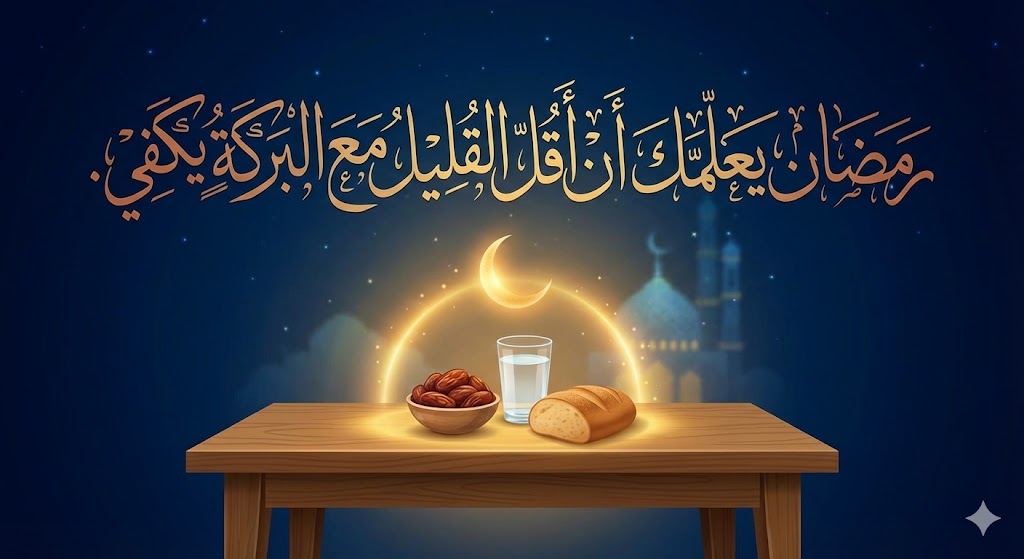 حكم رمضانية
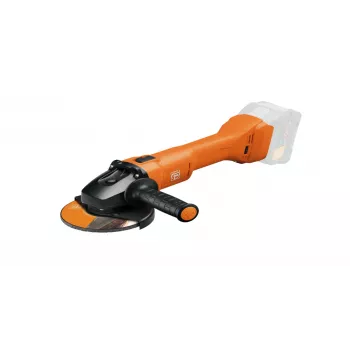 FEIN CCG18-115-12 AS Cordless Angle Grinder 115 mm Bare Tool 18 V 71221561000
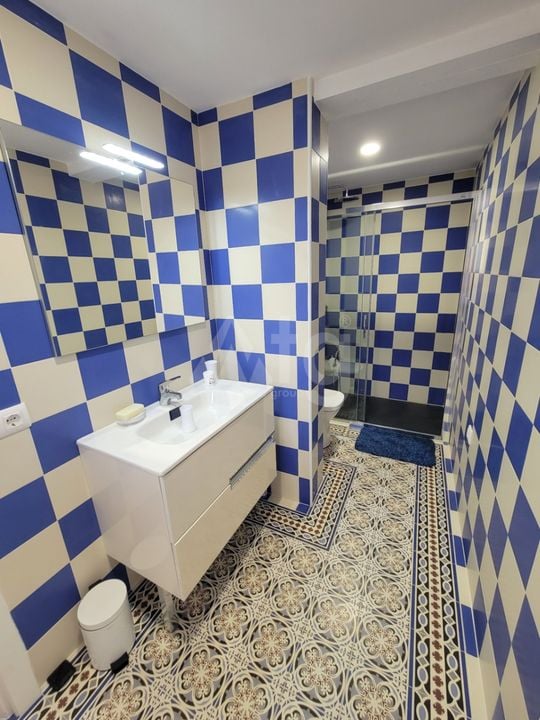 Villa de 4 chambres à Calp - VMD86245 - Photo - 25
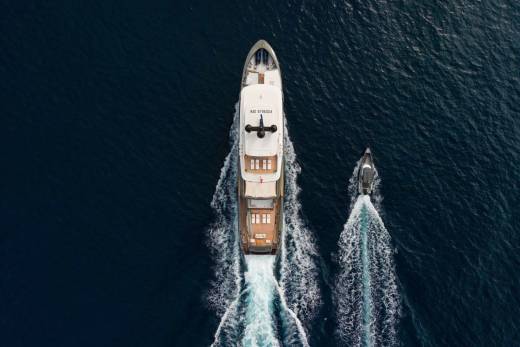 Moka through the Lens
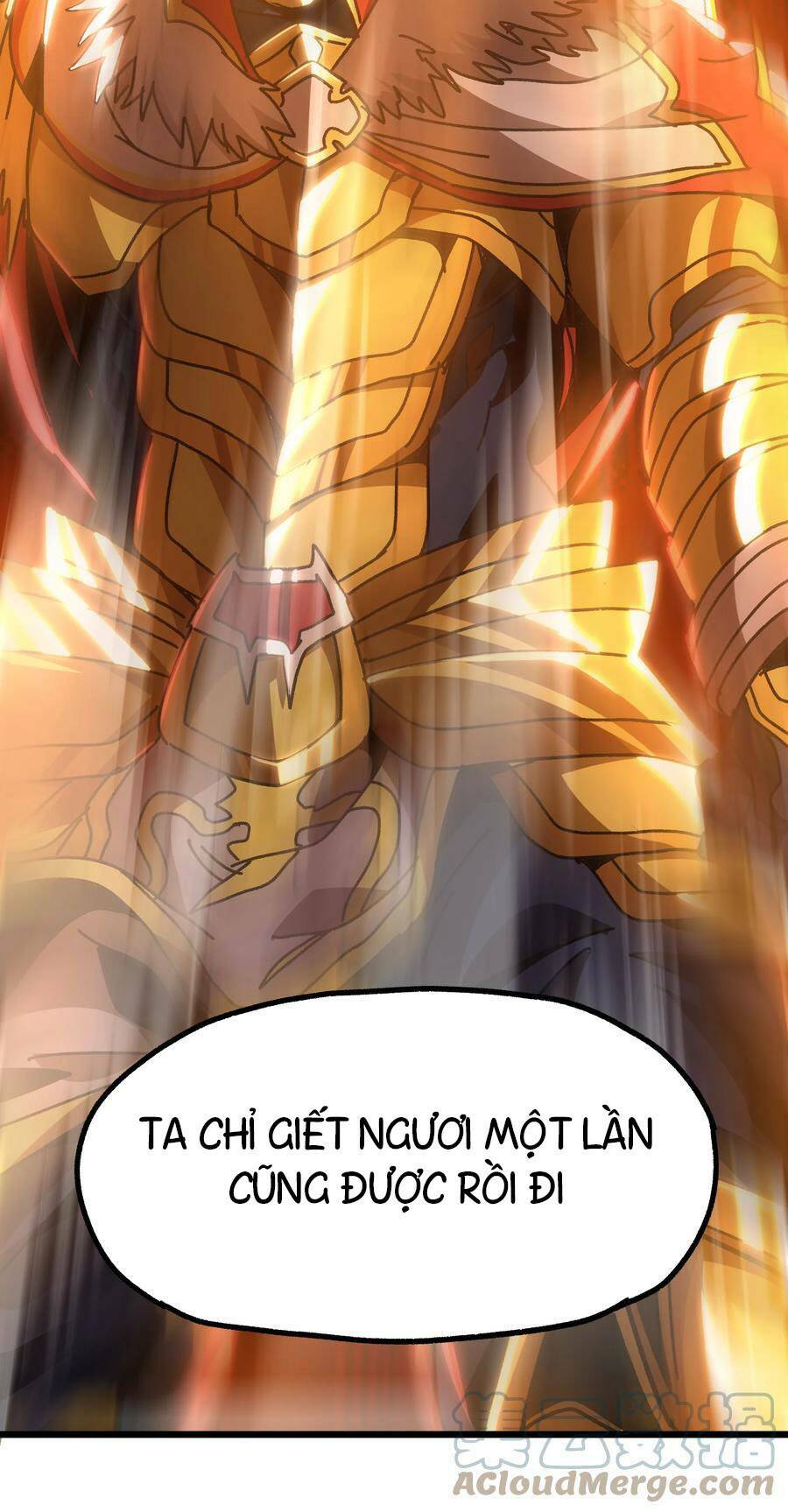 Vú Em Vô Địch: Chapter 25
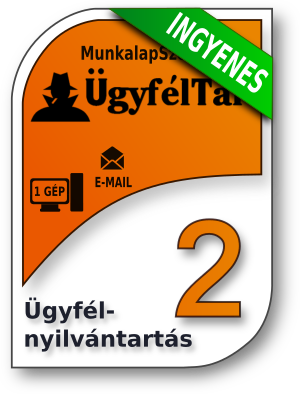 munkalapszoftver crm 2 free hu HU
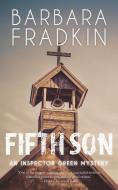 Fifth Son di Barbara Fradkin edito da DUNDURN PR LTD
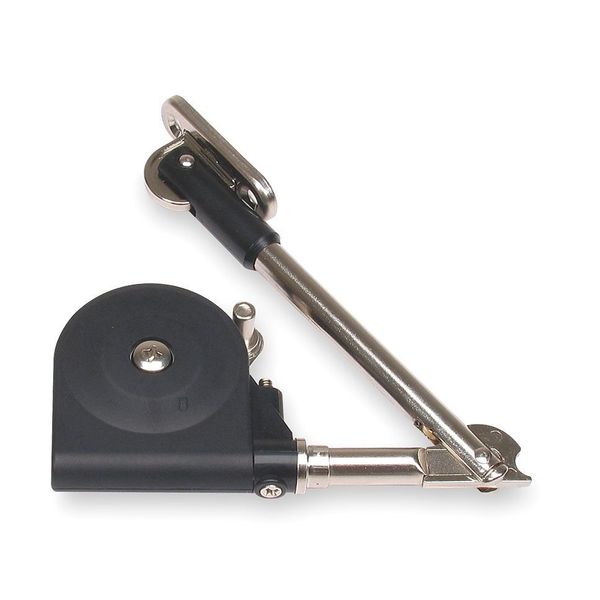 Speed Control Lid Support, Upward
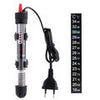 YUGE 25/50/100/200/300W Thermometer Sticker Temperature Controller for Fish Tank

========

Description of the task =
Without the pictures, restate all of the entries word for word.

Your response =
 حكم رمضانية
 FEIN CCG18-115-12 AS Cordless Angle Grinder 115 mm Bare Tool 18 V 71221561000
 Villa de 4 chambres à Calp - VMD86245 - Photo - 25
 Moka through the Lens
 Vú Em Vô Địch: Chapter 25
 munkalapszoftver crm 2 free hu HU
 Fifth Son di Barbara Fradkin edito da DUNDURN PR LTD
 Speed Control Lid Support, Upward
 YUGE 25/50/100/200/300W Thermometer Sticker Temperature Controller for Fish Tank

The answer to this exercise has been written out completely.